Le soir, après l’appel de six heures, les nouveaux prisonniers furent convoqués au bureau de Monsieur le Censeur. Herr Schmidt n’y était pas. Mais des scribouillards nous attendaient, et un lieutenant français, un de nos anciens, fut chargé de nous faire le discours d’usage. Il le fit avec un tact admirable. Devant la valetaille boche qui écoutait, et qui comprenait sans saisir les nuances de notre camarade, il nous apprit ou nous rappela toutes les interdictions qui sont notre partage. Il les passait en revue sommairement, du bout des lèvres, comme si on l’eût obligé à vider devant nous une poubelle d’ordures, et sa voix ajoutait aux menaces réglementaires la caresse d’une ironie toute dégoûtée. La bobine enfin dévidée, il résuma en ces termes :

— Bref, mes chers camarades, n’oubliez pas que, pour toutes les fautes, vous tombez sous le coup des lois martiales, et c’est la grâce que je vous souhaite.

Un étrange sourire mit à sa harangue le point final, tandis que les scribaillons nous rendaient notre liberté. Dehors, la nuit tenait la cour immense où les trois énormes bâtiments se dressaient en noir sur le ciel sombre. La journée s’achevait lentement. Dans la chambre, mes camarades travaillaient en silence. L’un lisait ; l’autre écrivait une lettre ; un autre traduisait en français une page d’allemand.

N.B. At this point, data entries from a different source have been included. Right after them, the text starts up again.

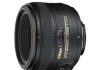 Nikon präsentiert das neue Objektiv AF-S NIKKOR 50 mm 1:1,4 G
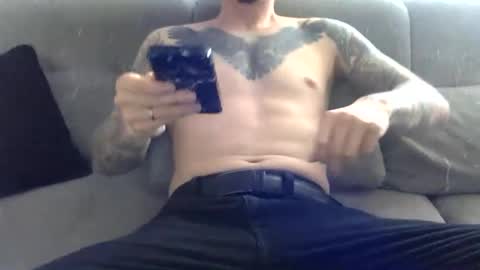 Snapshot of cc_couplexxx chatting on 11.05.25 cc_couplexxx online show from 11.05.25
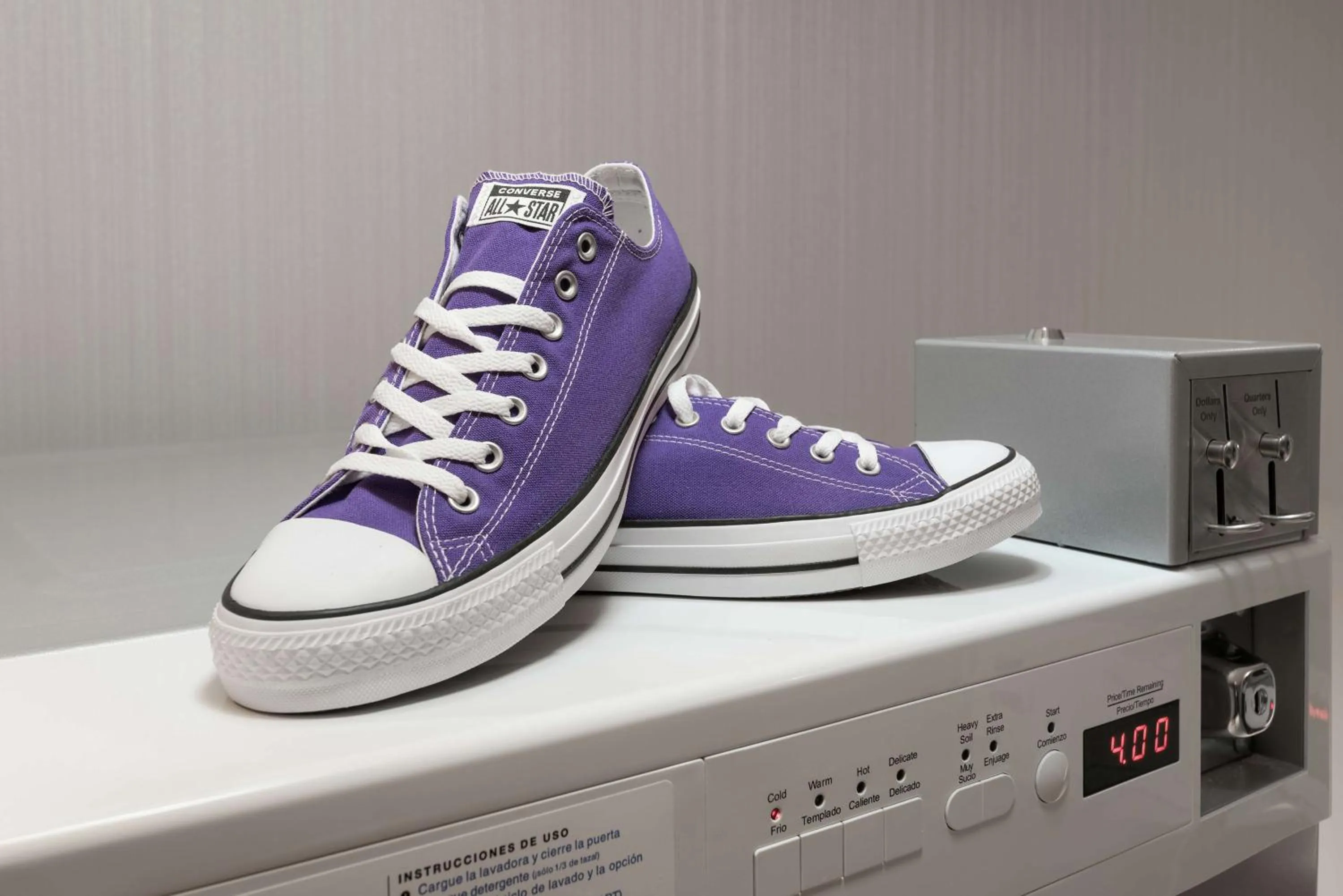 Property building in Hilton Garden Inn Ottawa Downtown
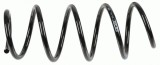 SACHS 993 044 Arc spiral
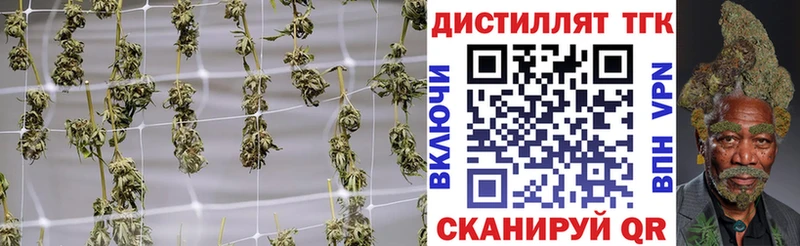 дарк нет наркотические препараты  ссылка на мегу зеркало  Видное  Дистиллят ТГК концентрат 
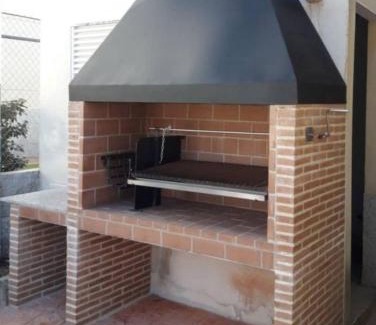 Lubok Buaya Villa | Destini Akef Villa 2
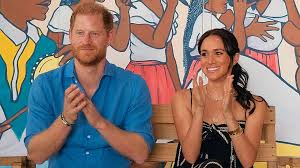 Prince Philip blamed Meghan Markle for Harry leaving Royal Family, 'We were  wrong about her': Book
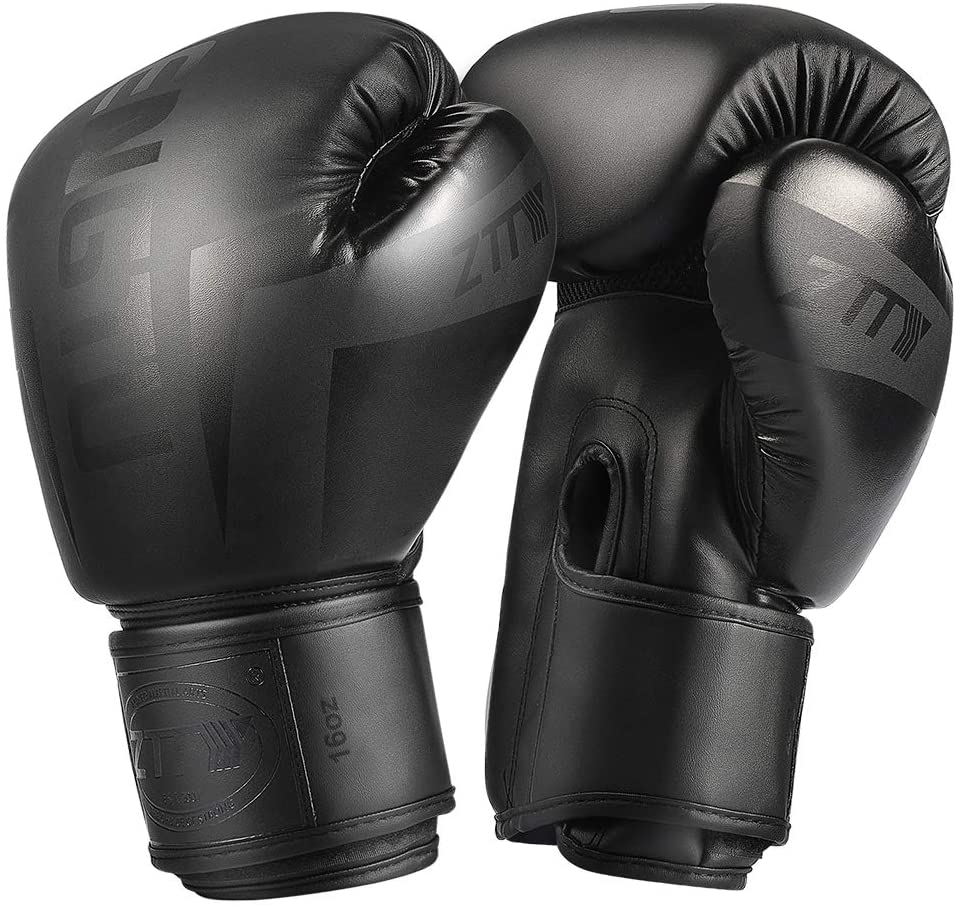 20 Best Boxing Gloves for Heavy Bag Training Tried and Tested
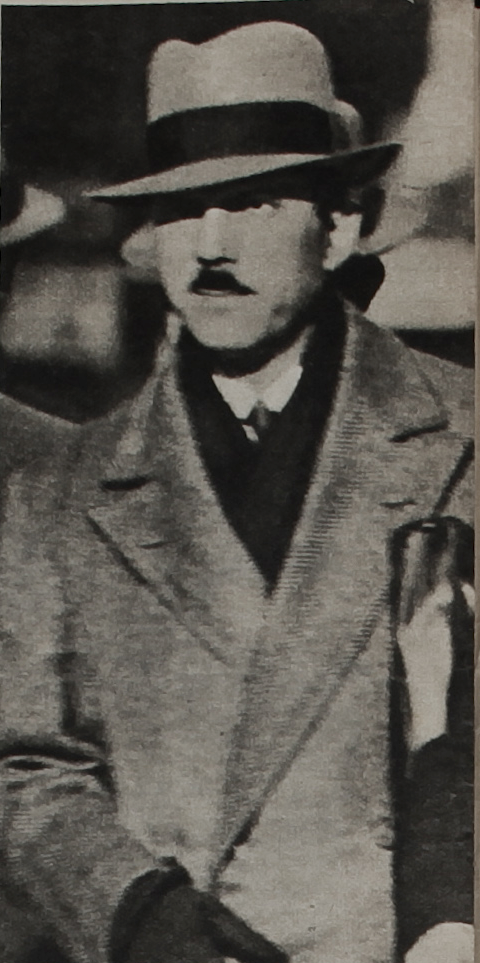 Jean-Pierre Bonny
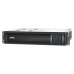 APC Smart-UPS 1500VA LCD RM 2U 230V with Network Card SMT1500RMI2UNC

Le capitaine B*** était penché sur un minuscule métier.

— Oui, me disait-il, je fais de la tapisserie. C’est un excellent moyen de passer une heure ou deux chaque jour. Quelquefois aussi, je m’occupe à sculpter ce cadre à portraits. Que voulez-vous ? Je me suis mis à l’étude de l’anglais, mais on ne peut pas se contenter d’exercices uniquement intellectuels. On sombrerait vite dans le spleen. Les travaux manuels sont un refuge.

Il m’avouait sa misère à voix basse. Je le regardai. Ses yeux ne montraient qu’une résignation triste. Il poursuivit :

— Je ne suis pas très habile. Ma tapisserie ne vaut pas grand’chose, et ma sculpture est mauvaise. Je ne renonce pourtant ni à l’une ni à l’autre. Ce sont les deux compagnes de mes longs loisirs. Sans elles, je ne sais pas ce que je deviendrais. Il faut être solide ici pour échapper à la folie qui nous guette. Vous souriez ? Vous en viendrez au même point que nous, vous verrez. Ah ! ce n’est pas drôle, la captivité ! Vous verrez, vous verrez. Vous ferez de la tapisserie, et vous sculpterez des cadres à portraits en noyer d’Amérique.

Je ne souriais pas. J’étais découragé. Je regardais fixement la trame serrée où les laines variées s’assemblaient en un dessin de couleur vive. Et je songeais à ce déplorable roman de Zola qui m’attendait sur mon lit.